Recorded information:
*** Begin section ***
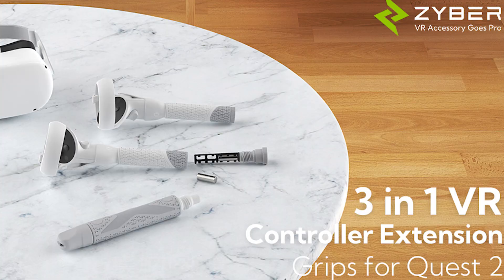But recently I was sent these Zyber extension handles and I thought, wow, cool, another one of these things. However, I wanted to talk about these more in depth because the amount of things this thing can do is kind of cool. I was shocked by how well made they were and how they made Beat Saber that much more fun. Stick around because we're going to look at these be-all end-all handles that have a special surprise inside. Let's go.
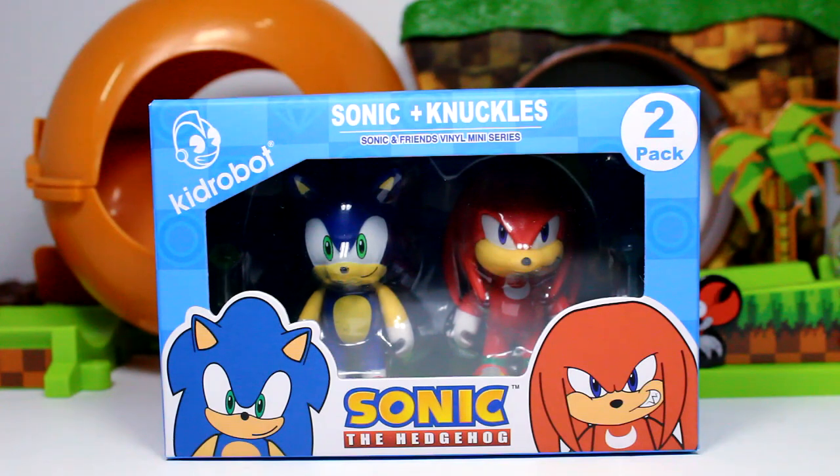What is going on guys? Sonic and the Bean Show here, and today in this video we're looking at the brand new Kid Robot Sonic and Knuckles 2-pack right here. I'm really excited to review this for you guys.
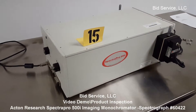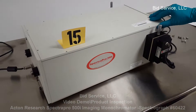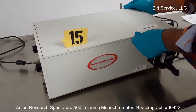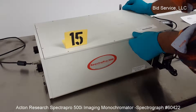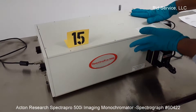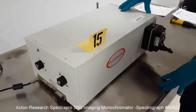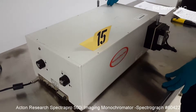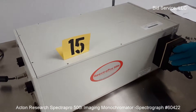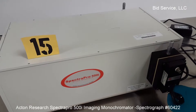SpectraPro 500i Acton Research Spectrograph System. This is a monochromatic mirror currently owned by Princeton Instruments. This instrument is pre-installed with a triple grating, and there's an inlet slit and an outlet. On the outlet there's an indium-gallium arsenide detector pre-amplifier.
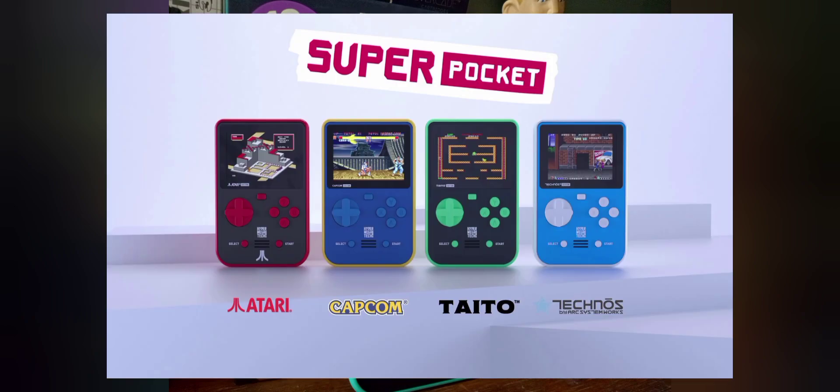There is actually a Capcom version out already, and in a month or two there will be Technos and Atari ones as well. Thank you for watching — be sure to like and subscribe. More retro content to come. See ya.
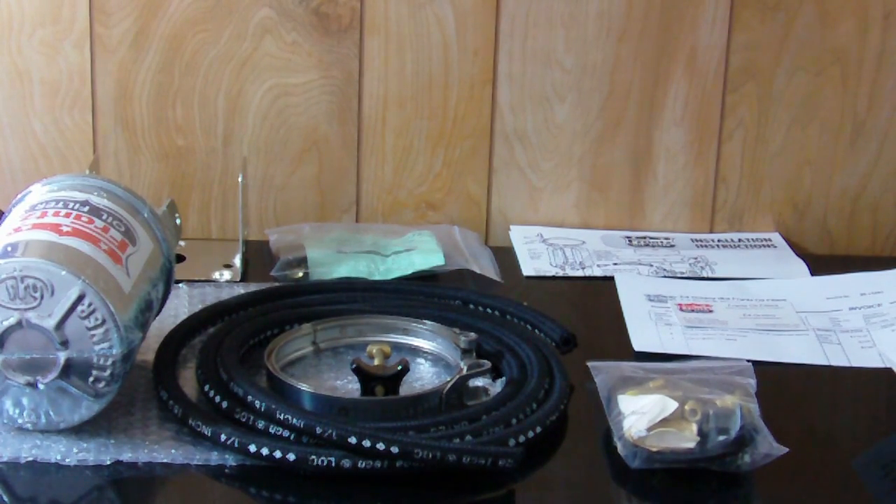People say the Scott 1000 rolls will fit in it just fine. I don't have one here to show you, but those are my thoughts on the filter media.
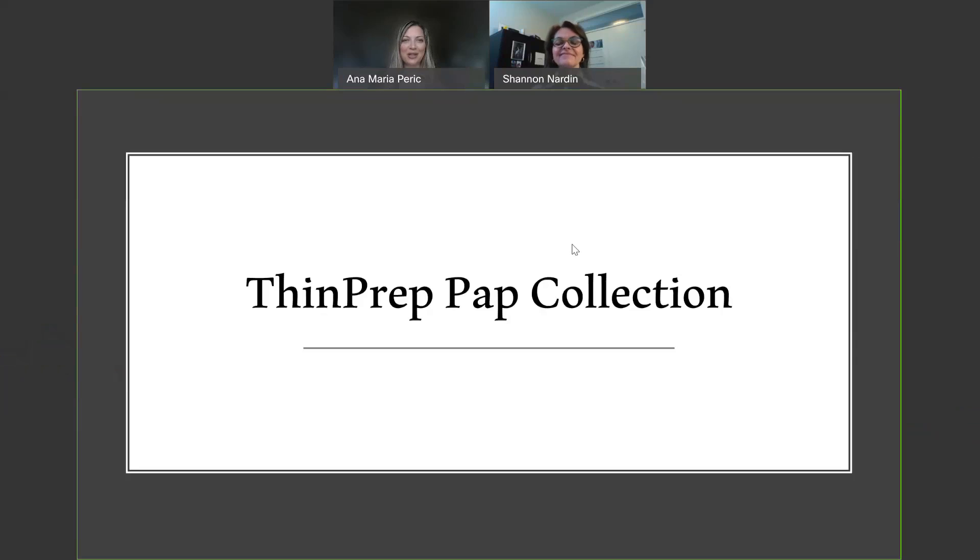Hello, everybody, and thank you so much for joining us today. My name is Anna Maria Parik, and I'm a cytotechnologist. I'm actually now working for Hologic, who is the company that is bringing the ThinPrep pap test collection method to you in Saskatchewan.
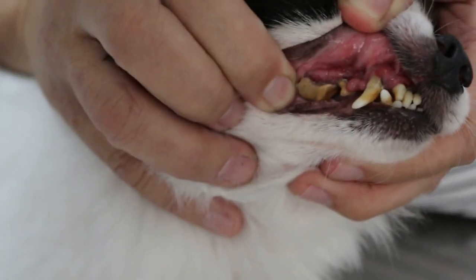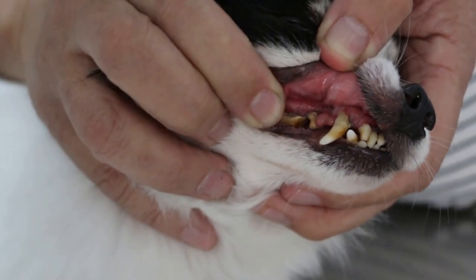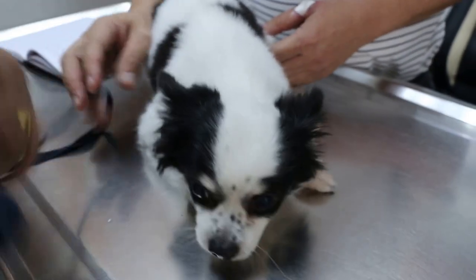So the tartar is here. So at least one regular dental work needs to be done afterwards. Now the dog is in good health. I checked the lungs and the heart — they're okay. So now we can move on.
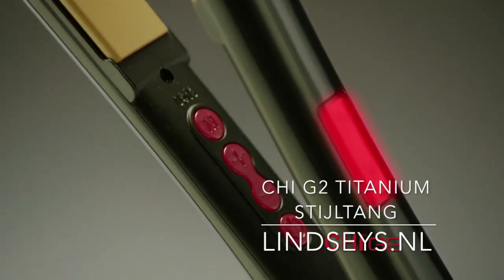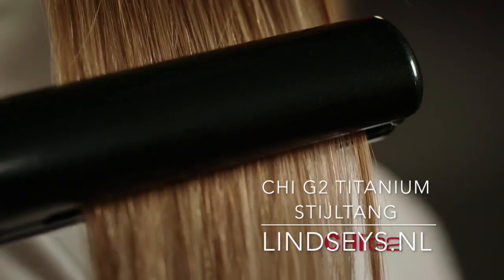Personalized temperature settings and titanium infused ceramic plates deliver perfectly polished hair. Red carpet looks have never been this easy.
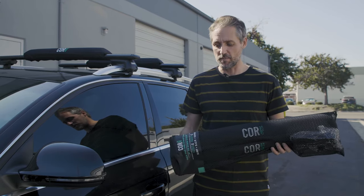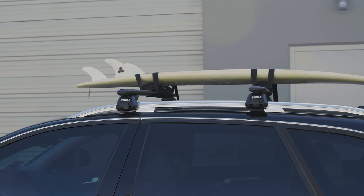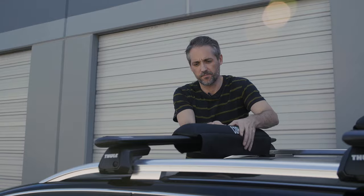Hey guys, this is Andy with Core Surf, and I'm here with our new rack pad and tie-down straps. We actually have these together in a combo if you want both the rack pads and the straps, or they're also available separately.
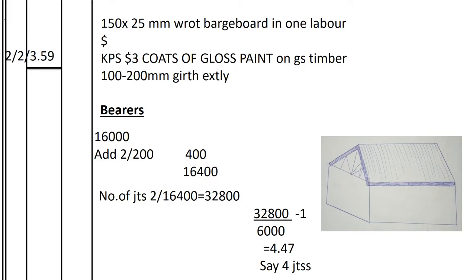The barge board is like the fascia board but on the gable (wind) side of the roof. Its length equals the length of the rafters since it is sloping. We have 2 barge boards per gable end and 2 gable ends: 2 × 2 × 3.59m = 4 × 3.59m. We record 150×25mm barge board in one labor, KPS 3 coats of gloss paint on GS timber, externally.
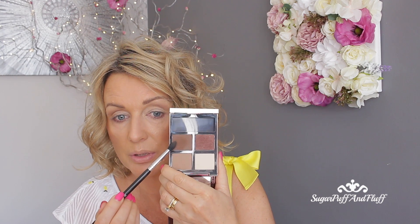Now with Blank Canvas Cosmetics E42, I'm going to go to the second darkest shade and I'm going to put that just in my crease.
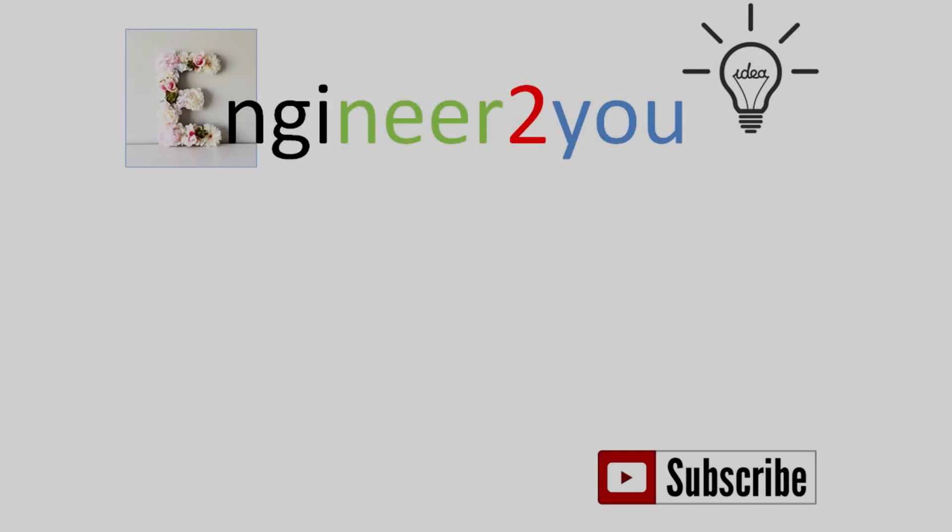Thank you for watching. Please subscribe to my channel to get new videos for more projects. See you next time.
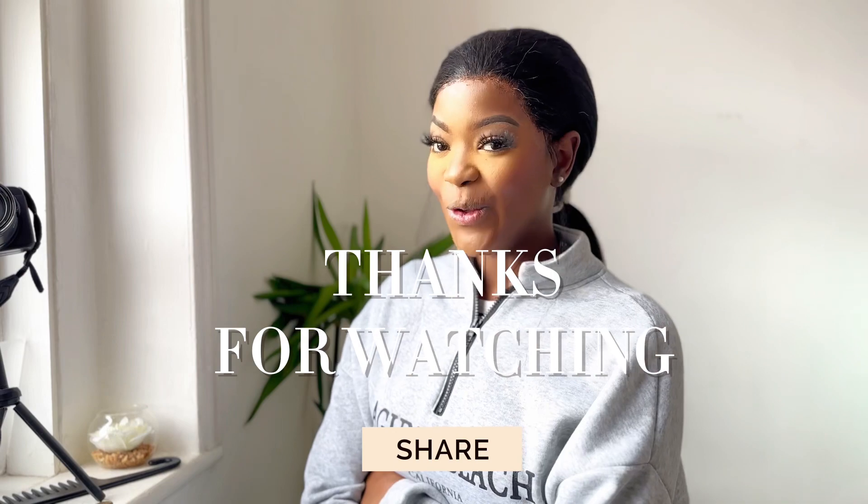With no further ado I'm gonna leave this video right here and catch you guys in another one. Don't forget to hit that thumbs up button, subscribe if you haven't already, leave a comment in the comment section, and share this video with any wig lover or baddie. I'll see you guys next time — peace!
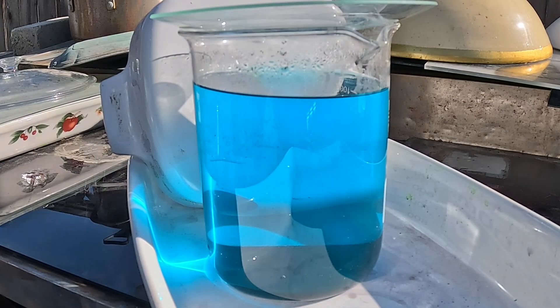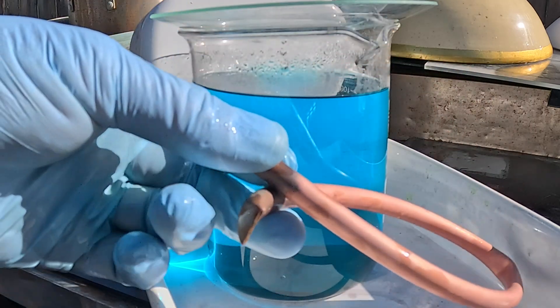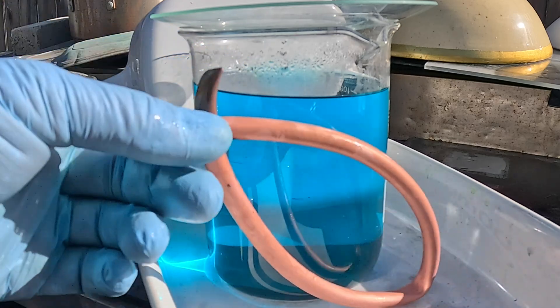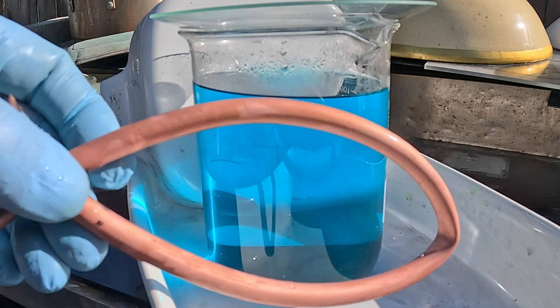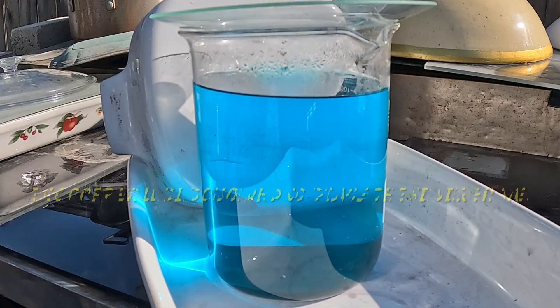I've got a beautiful silver nitrate solution here, well filtered, and a nice piece of copper — kind of gnarly. I cleaned it real well. The copper-looking part was cleaned with hydrochloric acid then washed good in water, that's why it's a little bit wet.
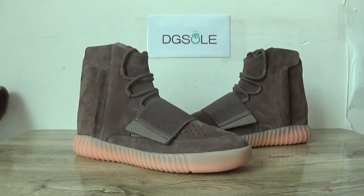Hey guys, nice to see you. This is DDoS. Welcome to the checkout website, and here you can see a new EZ Boost — the EZ 750 light brown.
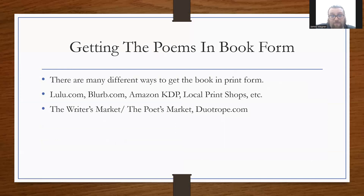The important thing is just getting the poems into book form. Some resources are Lulu.com, Blurb.com, and Amazon's KDP. Don't sell short your local print shops — they can often get things into book form and may be cheaper. For finding publishers, consider the Writer's Market or the Poet's Market, which come out every year. The first few months those come out they'll have the most accurate listings. Duotrope.com is a much more up-to-date resource where you can plug in your genre, sub-genre, and theme and it'll match you with publishers. It costs about five or ten dollars a month but it's accurate all year round.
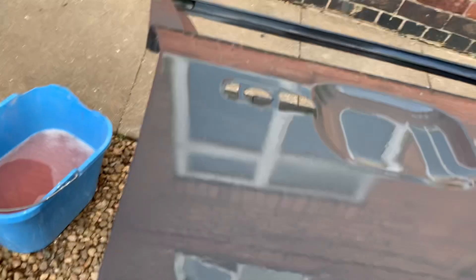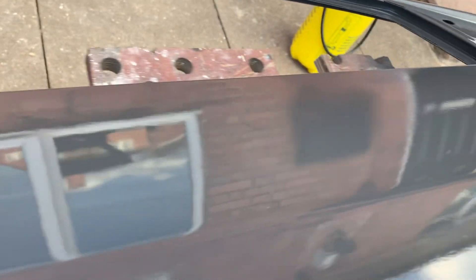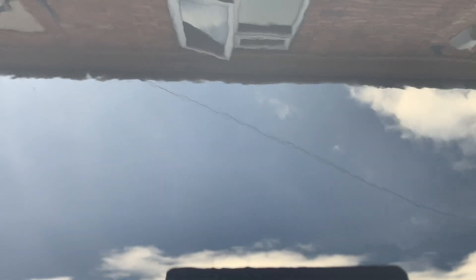A lot of the primers I used to use years ago — high build primers — they looked nice, but obviously you could never put them in the oven because they'd sink too much. I used to get a lot of sinking, which used to be annoying — you think you've got it.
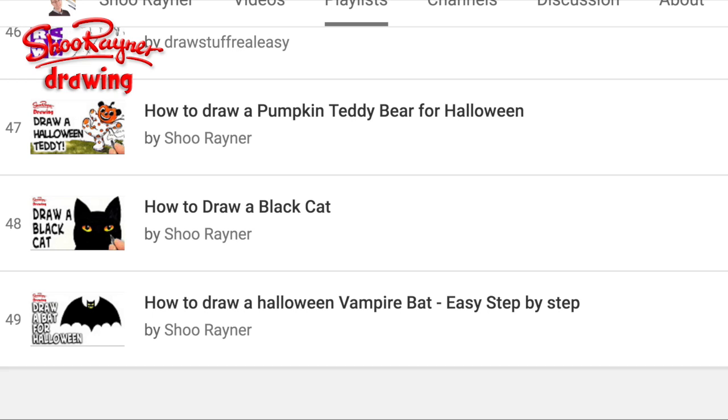Check the link in the comments box below and start drawing stuff for Halloween.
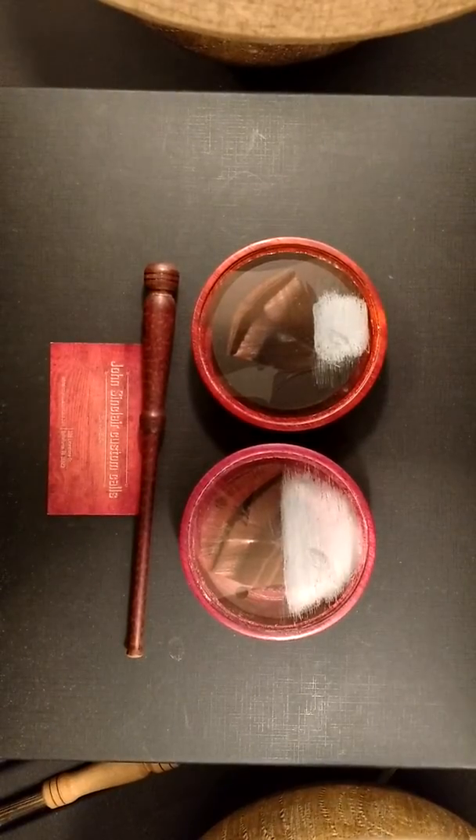In this video I'm going to be comparing two 3.5 John Sinclair pot calls. The call on the left is glass over glass in a padauk pot, and the call on the right is crystal over glass in a purple heart pot. I'm going to play each call with a snake wood striker.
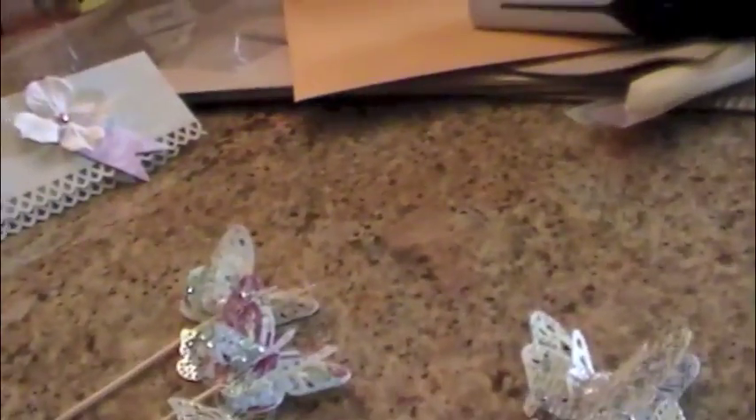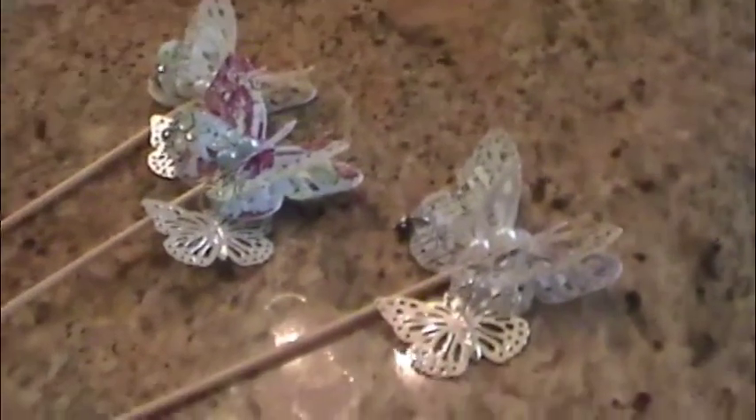I added some little danglies and some pearls. They're supposed to be text page, but I used authentic paper instead — I kind of goofed up because I forgot. But it does have text on it, so hopefully I won't be kicked out of the group. This is Christy Tomlinson's She Art paper, and the other one is Pink Paisley's Butterfly Garden — that's what that one is.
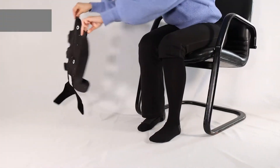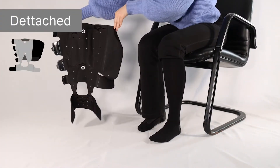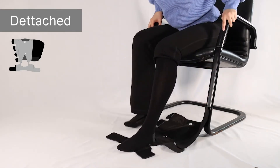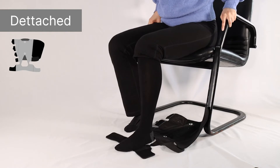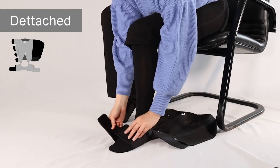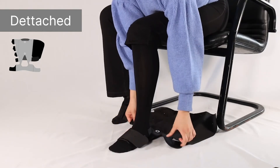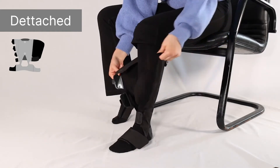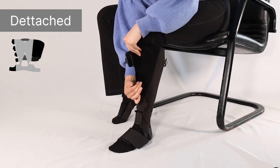Or, the undersock can be detached and AeroWrap can be applied over the liner of your choice. To orient AeroWrap, place your heel comfortably in the heel opening on the sleeve. Begin securing the strap starting with the foot strap, then the ankle strap, and continue up the leg adjusting where needed for a snug and comfortable fit.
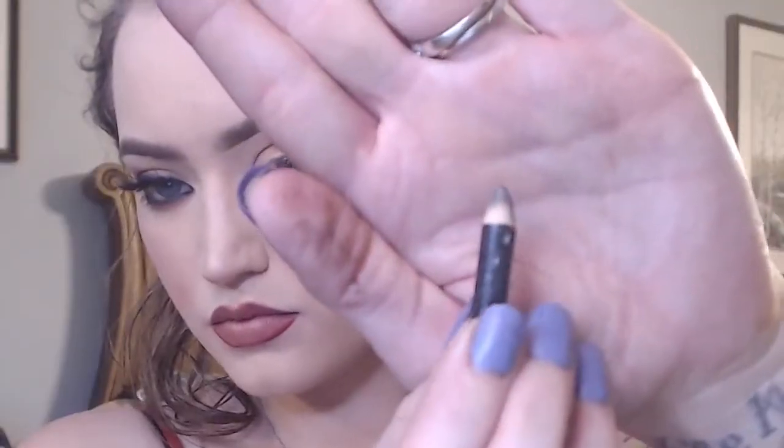Using a smaller brush, I am going to take the shade Dominatrix and apply this in the outer V of my crease, then blend that out with some Safe Word over top. Using a lighter color over top of the dark really helps to blend it out better.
*** End section ***
What the task requires:
Restate all entries exactly; pictures stay out.

Exercise response:
But recently I was sent these Zyber extension handles and I thought, wow, cool, another one of these things. However, I wanted to talk about these more in depth because the amount of things this thing can do is kind of cool. I was shocked by how well made they were and how they made Beat Saber that much more fun. Stick around because we're going to look at these be-all end-all handles that have a special surprise inside. Let's go.
What is going on guys? Sonic and the Bean Show here, and today in this video we're looking at the brand new Kid Robot Sonic and Knuckles 2-pack right here. I'm really excited to review this for you guys.
SpectraPro 500i Acton Research Spectrograph System. This is a monochromatic mirror currently owned by Princeton Instruments. This instrument is pre-installed with a triple grating, and there's an inlet slit and an outlet. On the outlet there's an indium-gallium arsenide detector pre-amplifier.
There is actually a Capcom version out already, and in a month or two there will be Technos and Atari ones as well. Thank you for watching — be sure to like and subscribe. More retro content to come. See ya.
People say the Scott 1000 rolls will fit in it just fine. I don't have one here to show you, but those are my thoughts on the filter media.
Hello, everybody, and thank you so much for joining us today. My name is Anna Maria Parik, and I'm a cytotechnologist. I'm actually now working for Hologic, who is the company that is bringing the ThinPrep pap test collection method to you in Saskatchewan.
So the tartar is here. So at least one regular dental work needs to be done afterwards. Now the dog is in good health. I checked the lungs and the heart — they're okay. So now we can move on.
Personalized temperature settings and titanium infused ceramic plates deliver perfectly polished hair. Red carpet looks have never been this easy.
Hey guys, this is Andy with Core Surf, and I'm here with our new rack pad and tie-down straps. We actually have these together in a combo if you want both the rack pads and the straps, or they're also available separately.
The barge board is like the fascia board but on the gable (wind) side of the roof. Its length equals the length of the rafters since it is sloping. We have 2 barge boards per gable end and 2 gable ends: 2 × 2 × 3.59m = 4 × 3.59m. We record 150×25mm barge board in one labor, KPS 3 coats of gloss paint on GS timber, externally.
Now with Blank Canvas Cosmetics E42, I'm going to go to the second darkest shade and I'm going to put that just in my crease.
Thank you for watching. Please subscribe to my channel to get new videos for more projects. See you next time.
With no further ado I'm gonna leave this video right here and catch you guys in another one. Don't forget to hit that thumbs up button, subscribe if you haven't already, leave a comment in the comment section, and share this video with any wig lover or baddie. I'll see you guys next time — peace!
I've got a beautiful silver nitrate solution here, well filtered, and a nice piece of copper — kind of gnarly. I cleaned it real well. The copper-looking part was cleaned with hydrochloric acid then washed good in water, that's why it's a little bit wet.
Hey guys, nice to see you. This is DDoS. Welcome to the checkout website, and here you can see a new EZ Boost — the EZ 750 light brown.
The important thing is just getting the poems into book form. Some resources are Lulu.com, Blurb.com, and Amazon's KDP. Don't sell short your local print shops — they can often get things into book form and may be cheaper. For finding publishers, consider the Writer's Market or the Poet's Market, which come out every year. The first few months those come out they'll have the most accurate listings. Duotrope.com is a much more up-to-date resource where you can plug in your genre, sub-genre, and theme and it'll match you with publishers. It costs about five or ten dollars a month but it's accurate all year round.
A lot of the primers I used to use years ago — high build primers — they looked nice, but obviously you could never put them in the oven because they'd sink too much. I used to get a lot of sinking, which used to be annoying — you think you've got it.
Check the link in the comments box below and start drawing stuff for Halloween.
In this video I'm going to be comparing two 3.5 John Sinclair pot calls. The call on the left is glass over glass in a padauk pot, and the call on the right is crystal over glass in a purple heart pot. I'm going to play each call with a snake wood striker.
I added some little danglies and some pearls. They're supposed to be text page, but I used authentic paper instead — I kind of goofed up because I forgot. But it does have text on it, so hopefully I won't be kicked out of the group. This is Christy Tomlinson's She Art paper, and the other one is Pink Paisley's Butterfly Garden — that's what that one is.
Or, the undersock can be detached and AeroWrap can be applied over the liner of your choice. To orient AeroWrap, place your heel comfortably in the heel opening on the sleeve. Begin securing the strap starting with the foot strap, then the ankle strap, and continue up the leg adjusting where needed for a snug and comfortable fit.
Using a smaller brush, I am going to take the shade Dominatrix and apply this in the outer V of my crease, then blend that out with some Safe Word over top. Using a lighter color over top of the dark really helps to blend it out better.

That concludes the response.